BIG, hefty, large Oliver Twists…driving big cars…sucking down drinks from Starbucks that cost six bucks, taking their kids to see every crappy movie made from comic book characters, shelling out eighty bucks in one trip for soda and candy and popcorn, every whelp in the litter has new shoes and a cell phone. And the flatscreen at home nine feet across.
But they’re really hurting because Obama is only starting to get around to spreading the wealth around. Need more freebies! Gah, I hate moochers…there’s a reason why mommas used to lecture their kids about starving children in India & China.
Okay Morgan, I get the meme. No argument there.
But everything you’re talking about was mainstream kosher well before Obama took office.
We didn’t suddenly run into this financial ditch three years ago, it was a long time in the making from both a personal and bi-partisan political perspective.
The country has been financially negligent at home and in our government for a very long time.
Bush fiddled while his Rome burned.
Obama spread gasoline.
Actually, that’s not quite close enough to the truth. Bush fiddled while Rome burned…and then when invaders arrived to sack his city (or, rather, didn’t arrive, didn’t try to sack, built a bunch of make-believe weapons to sack it someday, or merely went through the motions), Bush bombed them to the stone age.

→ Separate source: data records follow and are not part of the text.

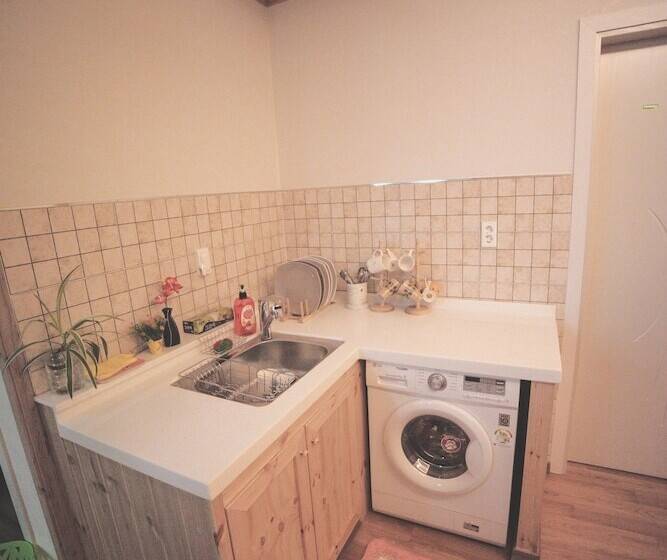 Pensió Wansangolgh Guest House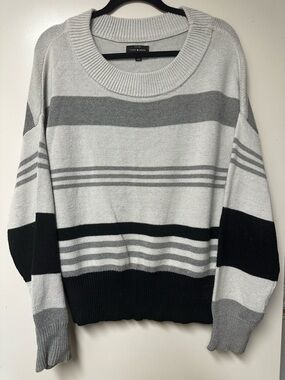 Lucky brand sweater - Large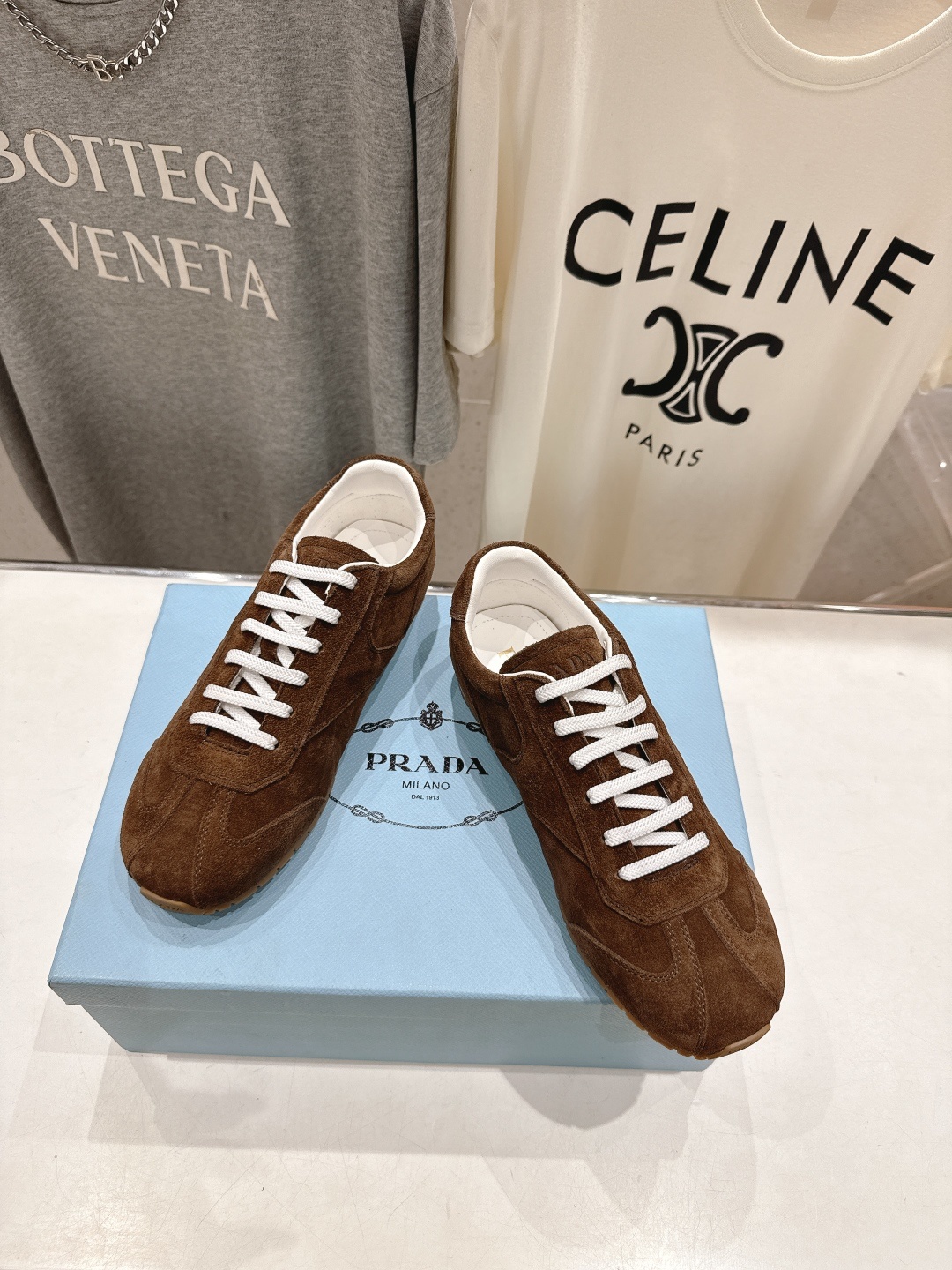 高版本出厂 情侣款 Prada 普拉达 F034 25ss/专柜新款情侣平底运动休闲鞋德训鞋阿甘鞋~各路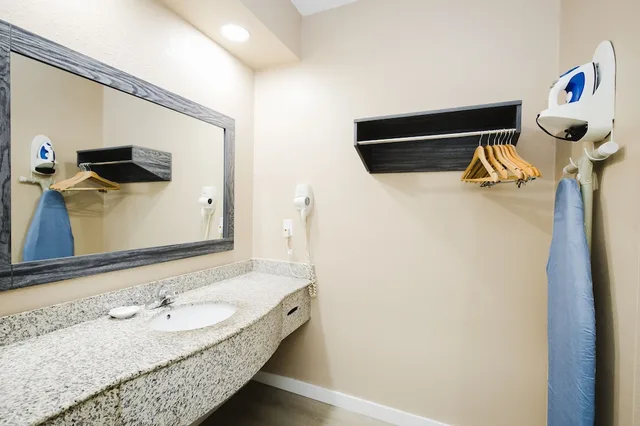 غرفة قياسية بسرير كينج بمطبخ صغير، Sapphire Inn Suites 10/10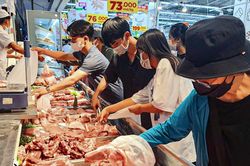 Giá thịt lợn tăng mạnh, nhiều 'ông lớn' chăn nuôi trúng đậm, lãi gấp chục lần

Obama went on a tour and bowed to the invading armies. And then flew back home and spread gasoline. And played golf.
The government’s committed annual disbursements exceed the greatest share of revenue it has EVER achieved in one fiscal year, by over a trillion dollars. You can’t go back to any one of the eight years in the old Bush administration, and say the same thing.
Failing to reach for the fire extinguisher…spreading gasoline. Both are bad, but there is a big difference between the two.